Les fleurs rouges Œuvres 1967-1968

A près quinze ans d'attente - depuis la première édition de L'homme sans talent par Ego comme X en 2004 -, les réserves de Yoshiharu Tsuge concernant la traduction et la diffusion de son œuvre sont levées : la réédition de ce titre phare par Atrabile fin 2018, ouvre le bal d'une reconnaissance de ce mangaka qui a marqué l'histoire de la bande dessinée japonaise.

Cornélius amorce avec Les Fleurs rouges (œuvres 1967-1968) la publication d'une anthologie, annoncée en sept volumes, des différents travaux de Yoshiharu Tsuge. Dans ce premier tome, la plupart du sommaire est issu du magazine Garo, qui concentra dans ses pages la fine fleur des créateurs de gekiga, à savoir un nouveau type de manga, plus mature - même résolument adulte -, plus social et réaliste.

Les histoires de ce recueil permettent d'apprécier la singularité de cet auteur au sein même de ce courant : là où le gekiga est volontiers âpre et urbain, il se fait ici le chantre de traditions encore vivaces dans un arrière-pays quelque peu en retrait, notamment en cette période de bouleversements et de conflits sociaux. La majorité du volume est ainsi composée de nouvelles illustrant tout le charme et la simplicité mais aussi la rudesse de la vie rurale. Le mangaka excelle à mettre en scène anecdotes et souvenirs personnels de voyage, de randonnées en auberges et bains, quoique l’ambiguïté du maître du watakushi manga ("manga du moi") soit toujours présente...
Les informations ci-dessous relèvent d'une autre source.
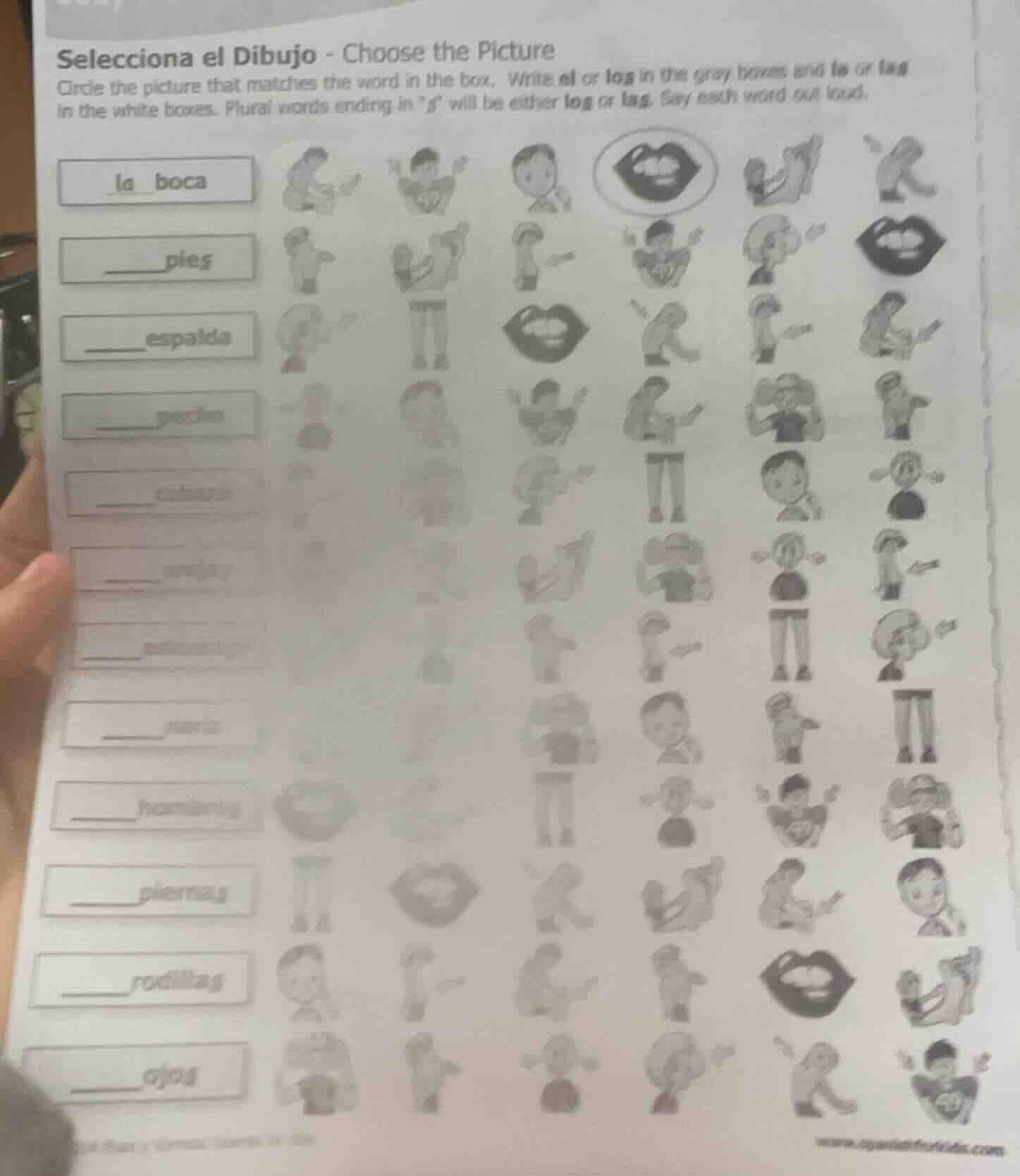 selecciona el dibujo - choose the picture circle the picture that match…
Si Plein soleil se distingue par son décor et sa cruauté, il s'agit également du seul titre non publié dans Garo, et produit du remaniement d'un travail antérieur. Pour le reste, la légèreté et l'incongruité de certaines situations (Veillée funèbre, La famille de M. Lee, Incident au village de Nishibeta, Le pavillon Ondol) le disputent à la mélancolie (Les gorges de Futamata, La cabane de neige de monsieur Ben, Le chien du col). Comment ne pas être saisi par la poésie et la délicate langueur de l'histoire éponyme ? Ou encore par Paysage de bord de mer, récit nostalgique d'une éphémère rencontre ? Comme par la beauté de ces fins en suspens, qui laissent toute latitude à la rêverie et la réflexion : certains épisodes, à première vue simples, peuvent en effet laisser quelque peu perplexe, car empreints de symbolisme et invitant à la relecture.

Enfin, la postface de Léopold Dahan, qui signe également la traduction et l'adaptation – assisté de Jean-Louis Gauthey -, s'avère tout à fait éclairante. Les Fleurs rouges (œuvres 1967-1968) est un magnifique ouvrage pour découvrir le regard unique et la narration novatrice de Yoshiharu Tsuge, qui ravira les curieuses et curieux d'un "autre" Japon. Encore une fois, la démarche de Cornélius est à saluer et les volumes suivants seront attendus avec impatience... Tout comme l'exposition prévue lors du prochain festival international de la bande dessinée d'Angoulême.